Contributed by Doron P. Kenter.
In a recent decision in In re Windmill Durango Office, LLC, the Bankruptcy Appellate Panel for the Ninth Circuit Court of Appeals concluded that the bankruptcy court had not abused its discretion in denying a creditor’s motion to change its vote on the debtor’s plan of reorganization where the holder of the unsecured claim had purchased the claim for the apparent sole purpose of blocking confirmation of the debtor’s plan so as to prevent its other, secured, claim from being crammed down. The BAP, however, left open the question of whether the bankruptcy court could have concluded that the creditor’s attempt to block the plan constituted a legitimate basis for changing a vote.

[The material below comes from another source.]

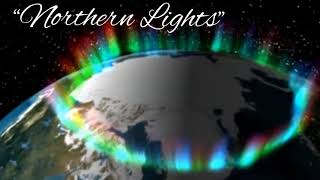 Video thumbnail of "“Northern Lights” - Death Cab For Cutie (lyrics)"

Bankruptcy Rule 3018(a) allows creditors to change their votes on a proposed plan upon a showing of “cause.” The rule does not provide any further detail regarding what constitutes “cause,” but at least one court has held that the threshold should be a relatively low one, and one which allows the voting entity to “intelligently express its will.” As written, Bankruptcy Rule 3018(a) does not necessarily mean that a creditor seeking to change its vote must show “good cause” for such change, but it does deprive creditors of an ability to alter their votes unilaterally, as of right.

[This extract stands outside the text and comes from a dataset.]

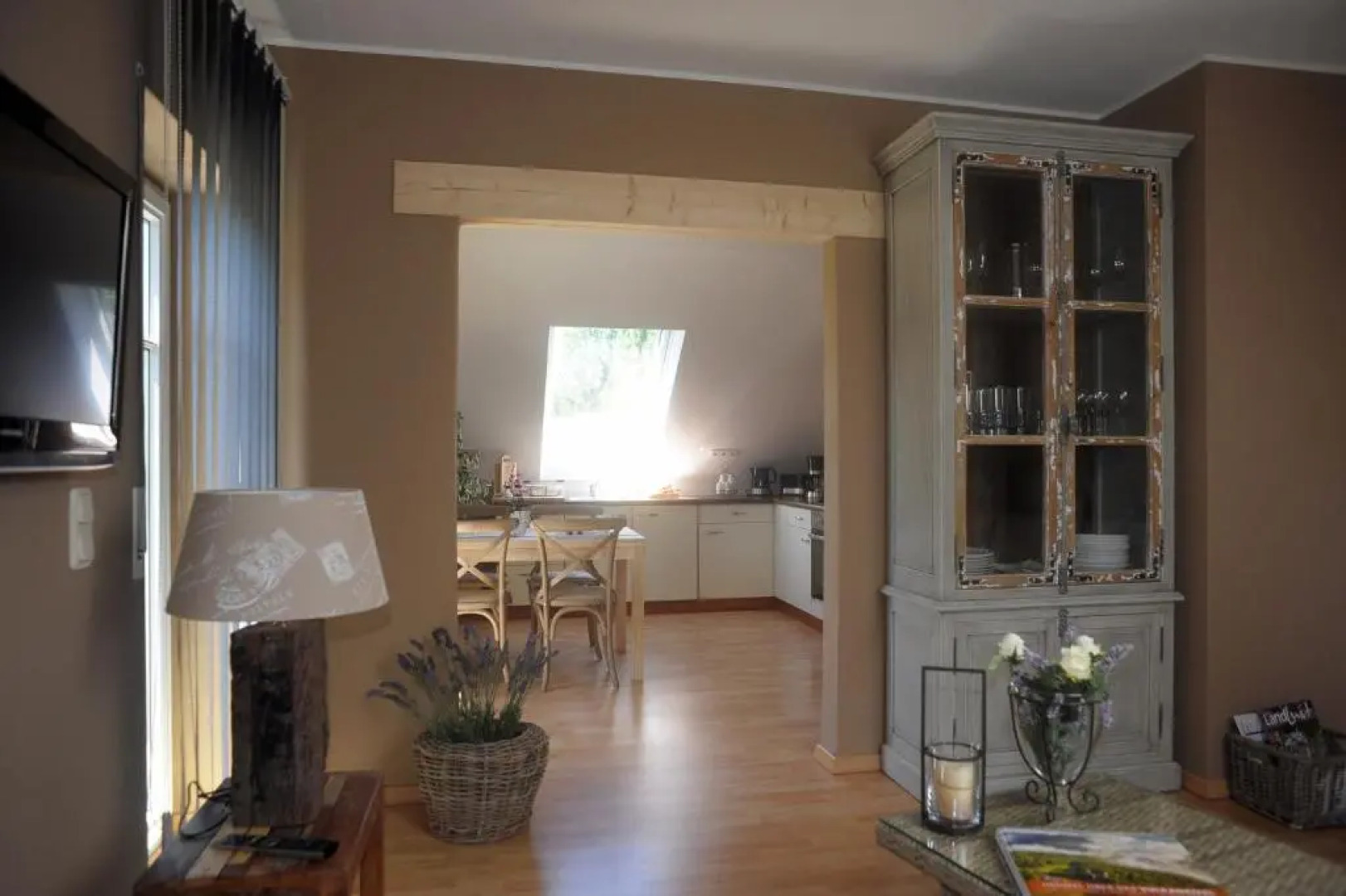 Ferienwohnung Landfein Schalkenmehren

In Windmill Durango, Beal Bank was the only secured creditor of the debtor that was owed well over $10 million on account of secured loans. In its chapter 11 case, Windmill Durango (the debtor), ultimately solicited votes on a “cramdown” plan of reorganization that provided for the repayment of Beal Bank’s claim over time, at an interest rate that was subsequently approved by the bankruptcy court. It quickly became clear that Beal Bank would vote to reject the plan, while the only two remaining holders of unsecured claims had voted to accept the plan. Seeing an opportunity to prevent confirmation of the proposed plan, Beal Bank bought one of the two unsecured claims for about 82% of its face value, or $1,250. Beal Bank then sought, pursuant to Bankruptcy Rule 3018(a), to withdraw the vote that had been cast on account of the unsecured creditor’s claim and submit a substitute ballot rejecting the plan. If the bank’s motion were granted, the debtor would then lose its sole impaired accepting class, and the plan would necessarily fail to meet the plan confirmation requirements set forth in section 1129(a) of the Bankruptcy Code.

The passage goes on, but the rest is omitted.